* [Task to carry out]
Transcribe all of the data exactly. Omit the pictures.

[[ Input data, beginning ]]

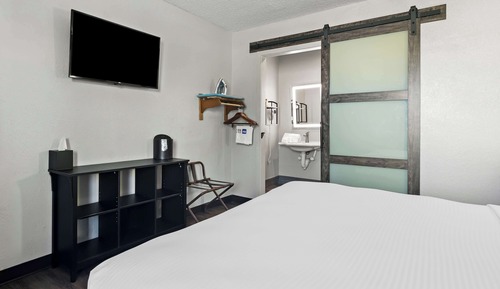 Habitación estándar, 1 cama de matrimonio grande, accesible para personas con discapacidad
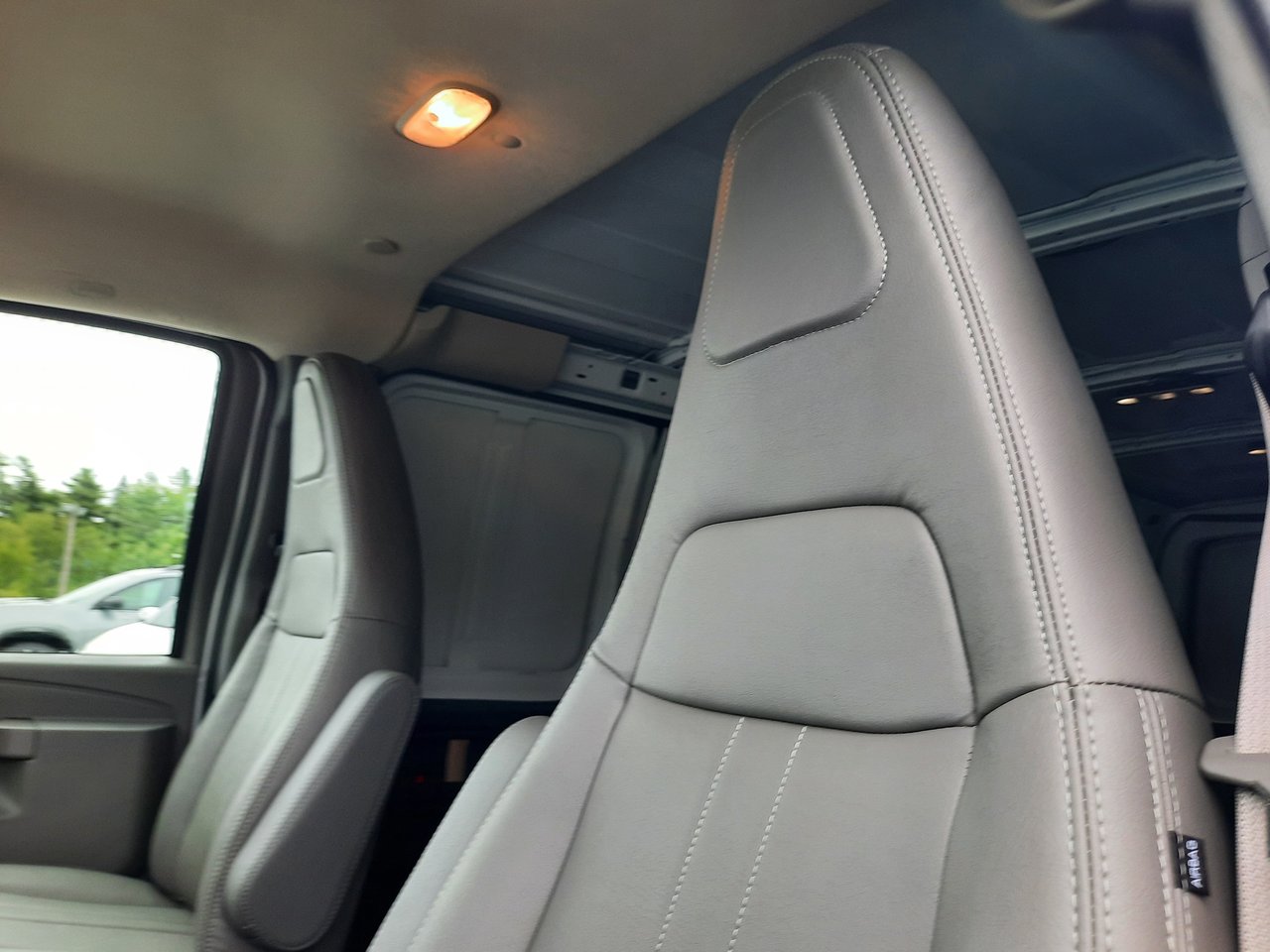 2025 Chevrolet Express Cargo 2500 WT 135''-2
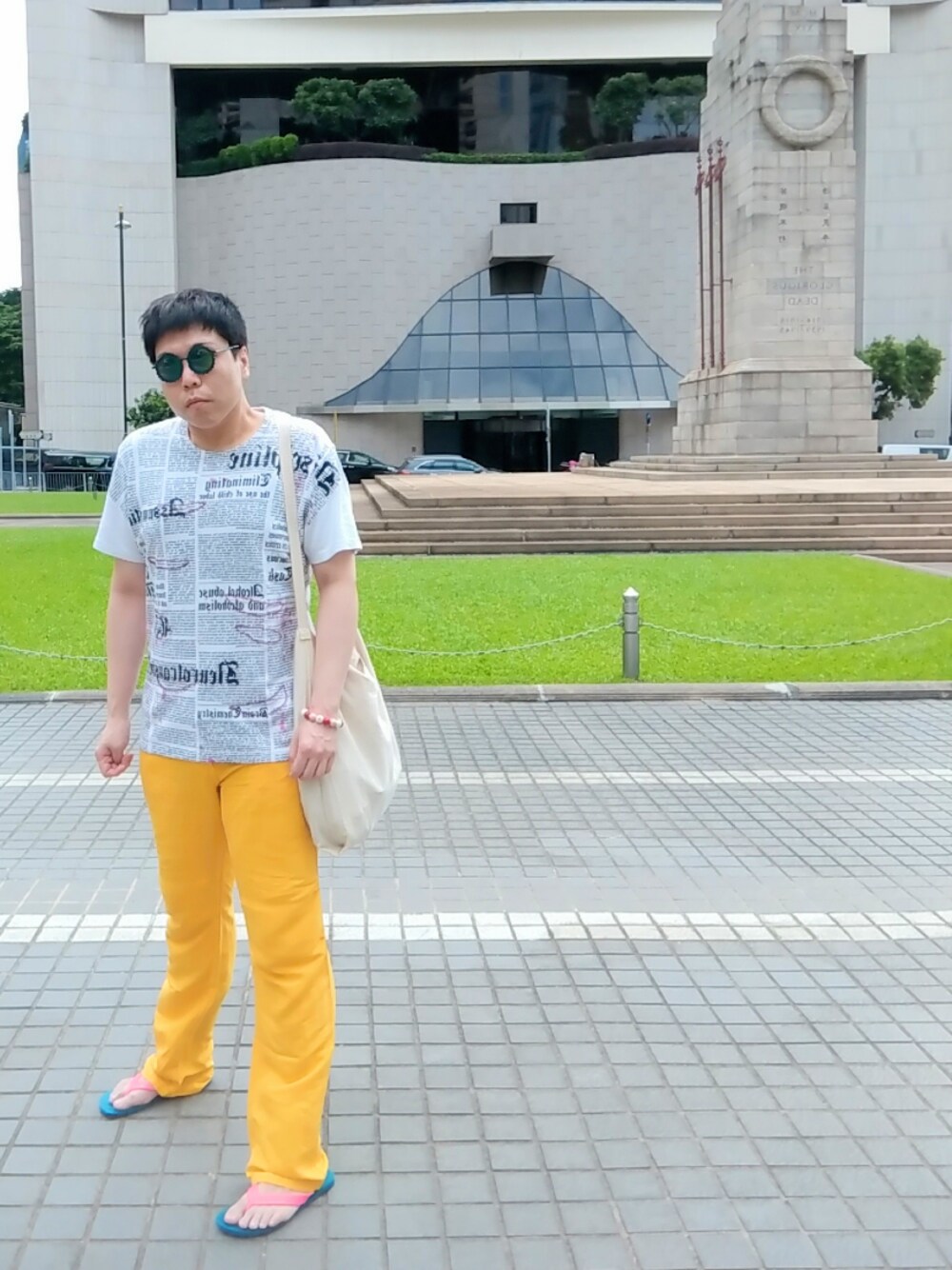 「HOUSE OF HOLLANDのアイテム（サングラス、ブルー系）」を使った、Panda Ngさん（メンズ・179cm）の夏コーディネートの1枚目の写真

[[ Input data, end ]]

* [Written solution]
 Habitación estándar, 1 cama de matrimonio grande, accesible para personas con discapacidad
 2025 Chevrolet Express Cargo 2500 WT 135''-2
 「HOUSE OF HOLLANDのアイテム（サングラス、ブルー系）」を使った、Panda Ngさん（メンズ・179cm）の夏コーディネートの1枚目の写真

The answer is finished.